HOW TO COMPLETE THIS TASK: Give every line of the data again, unchanged, but with no pictures.

SOURCE DATA:

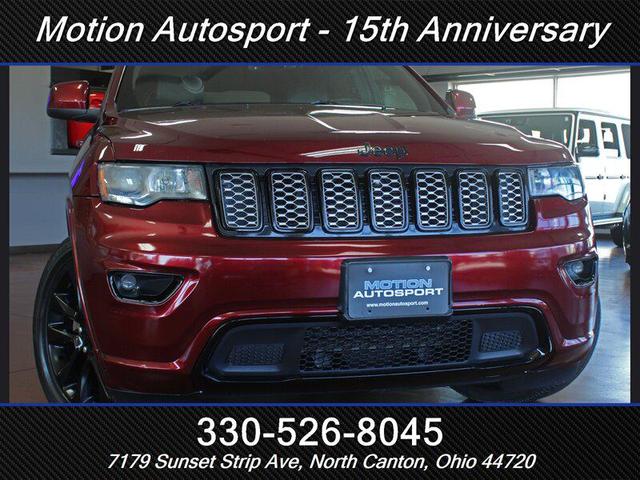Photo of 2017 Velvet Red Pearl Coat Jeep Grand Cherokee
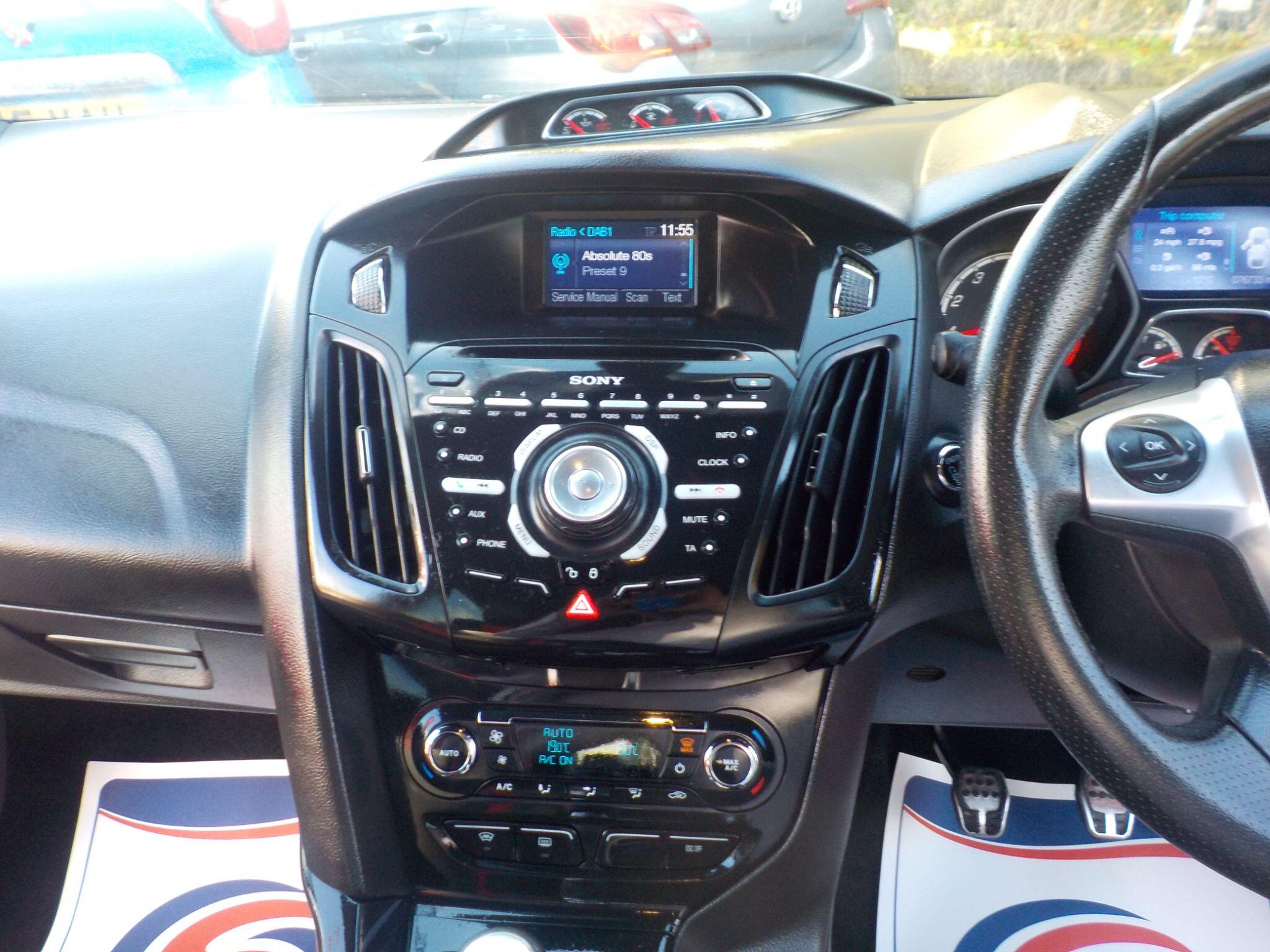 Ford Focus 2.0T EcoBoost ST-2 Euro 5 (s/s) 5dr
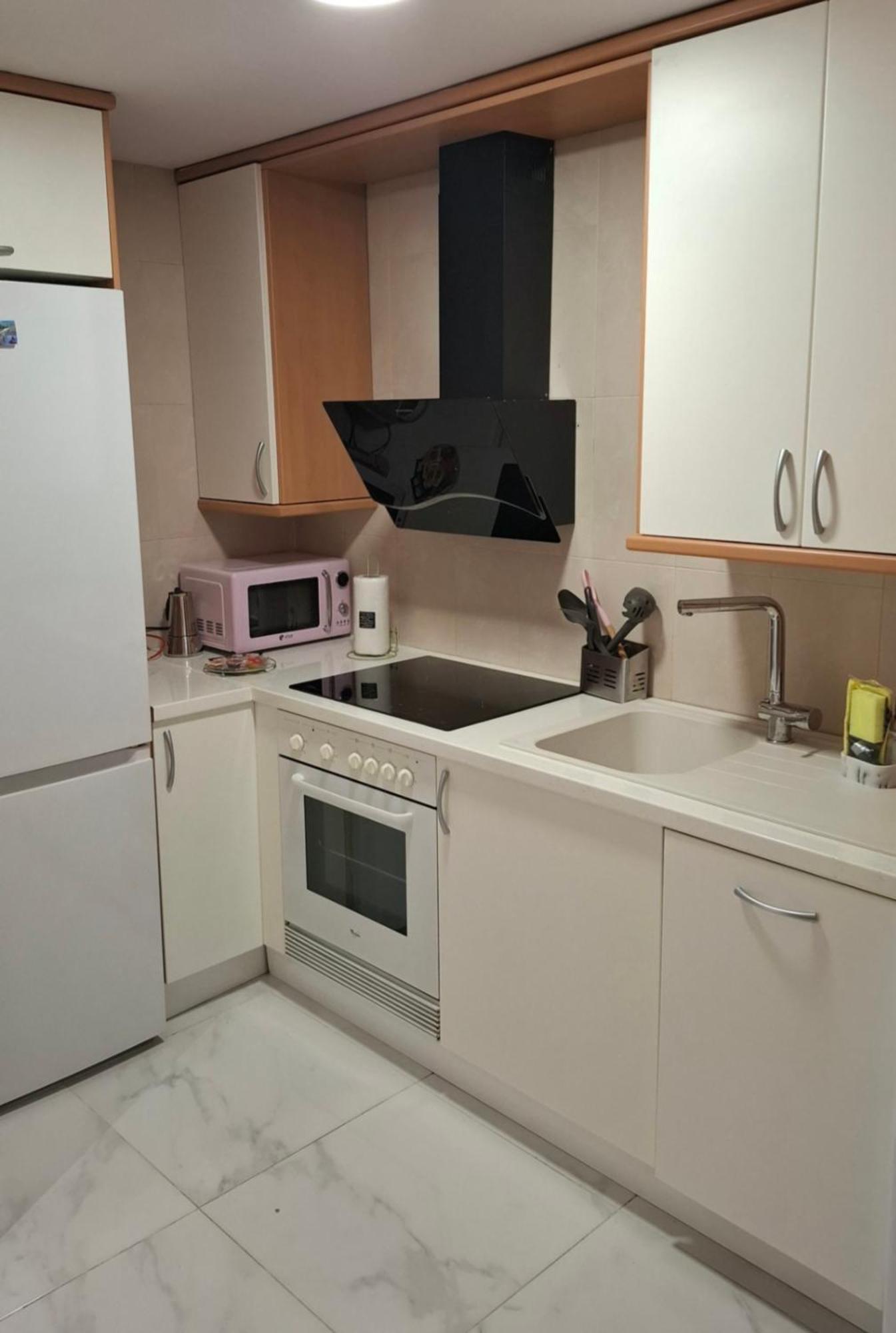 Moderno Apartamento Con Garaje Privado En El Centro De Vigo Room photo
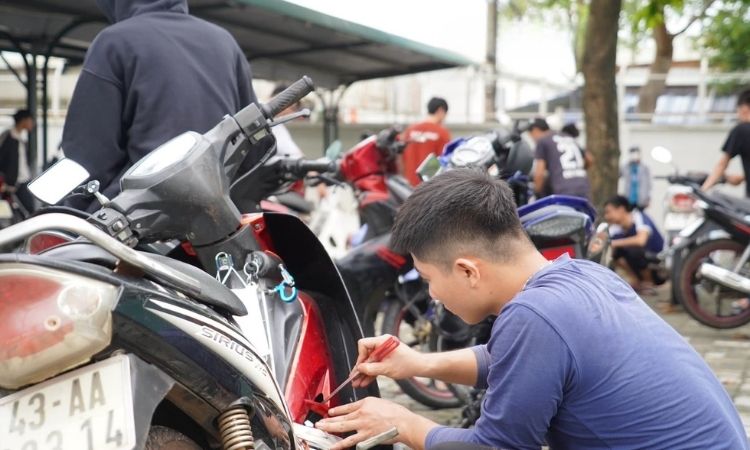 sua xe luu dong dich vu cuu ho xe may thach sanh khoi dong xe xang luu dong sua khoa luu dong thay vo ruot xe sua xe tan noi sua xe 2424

OUTPUT FOR THIS TASK:
Photo of 2017 Velvet Red Pearl Coat Jeep Grand Cherokee
 Ford Focus 2.0T EcoBoost ST-2 Euro 5 (s/s) 5dr
 Moderno Apartamento Con Garaje Privado En El Centro De Vigo Room photo
 sua xe luu dong dich vu cuu ho xe may thach sanh khoi dong xe xang luu dong sua khoa luu dong thay vo ruot xe sua xe tan noi sua xe 2424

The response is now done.